Olympe de Gouges

Olympe de Gouges by Alexandre Kucharski (1741-1819)

Location:
270 Rue Saint Honoré

English translation

"Born in Montauban on May 7, 1748, Olympe de Gouges, widowed at 18, moved to Paris, where her contemporaries attested to her beauty. Self-educated, she completed her intellectual training to write an abundant body of work, both theatrical and political. Inspired by the natural rights of humankind, she declared herself opposed to slavery, and called for shelters for “the old people without strength, children without support and widows”. Driven by a warm and lucid feminism, in September 1791 she published a “Declaration of the Rights of Woman and of the [Female] Citizen”, a veritable defence of “this sex, once despicable and respected, and since the Revolution, respectable and despised”. Settled here, in a pied-à-terre close to the Assembly, she declared: “No one should be disturbed for their opinions, even fundamental ones: a woman has the right to mount the scaffold, she must also have the right to mount the rostrum”. Tried, without a lawyer, for offending the sovereignty of the people, she was guillotined on November 3, 1793." (Translated by DeepL and ChatGPT)

Background notes

  • Olympe de Gouges (1748–1793) was a French playwright, political activist, and early feminist. She was born in Montauban, a town in southwestern France, with the birth name Marie Gouze, and married at the age of 16 to Louis Aubry, a much older man.
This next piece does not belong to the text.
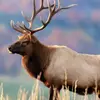 Rick Skaggs - @rick.skaggs2 - TikTok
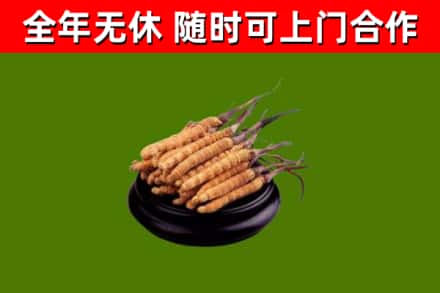 范县回收散虫草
Their marriage was reportedly unhappy, and Aubry died a short time later, leaving her a widow at just 18. His death freed her to move to Paris, where she reinvented herself under the name "Olympe de Gouges" and pursued her intellectual and literary ambitions.
  • The Declaration of the Rights of Man and the Citizen was written in 1789 during the early stages of the French Revolution. It became a foundational document for modern human rights but excluded women. Olympe de Gouges directly responded to this exclusion with her Declaration of the Rights of Woman and the Female Citizen in 1791, structured as a critique and parallel to the male-centric original, highlighting the hypocrisy of the Revolution's egalitarian ideals that failed to include half the population. It also proposed specific reforms, such as granting women the right to vote, access education, and participate in public office.
  • Olympe de Gouges criticises the shifting societal attitudes and hypocrisy toward women. Before the Revolution, women were considered inferior ("despicable") but had some influence in society through informal means, often “respected” in social or domestic roles. After the Revolution, despite the rhetoric of liberty and equality, women were given no political rights and were marginalised (respectable yet scorned or despised). This phrase highlights her view of the Revolution as a missed opportunity for gender equality. The quote also uses a clever rhetorical device, pairing "méprisable"(despicable) with "respecté"(respected) and then flipping them to "respectable" and "méprisé"(despised).
  • She settled here (270 Rue Saint Honoré) near the National Assembly of France (which was then in the Tuileries in the Salle du Manège), the revolutionary legislative body in power at the time. 
  • The quote from her Declaration of the Rights of Woman emphasises freedom of expression and equality, arguing that if women can be subjected to execution ("mount the scaffold"), they should also have the right to participate in public life and politics ("mount the rostrum"). She challenges the double standards of Revolutionary France.
  • She was charged specifically with sedition for posting a federalist-leaning political poster that criticised the Jacobin government and leaders like Robespierre. As a perceived enemy of the Revolution she was denied legal representation and was executed by the order of the Revolutionary Tribunal, under the influence of the Jacobins, for her alleged betrayal of the people. Her execution occurred at the time known as the Reign of Terror, noted for its extreme violence and repression under the Jacobins. 
  • Olympe de Gouges is now celebrated as a pioneering feminist and human rights advocate. Her works remain influential in discussions of equality and justice.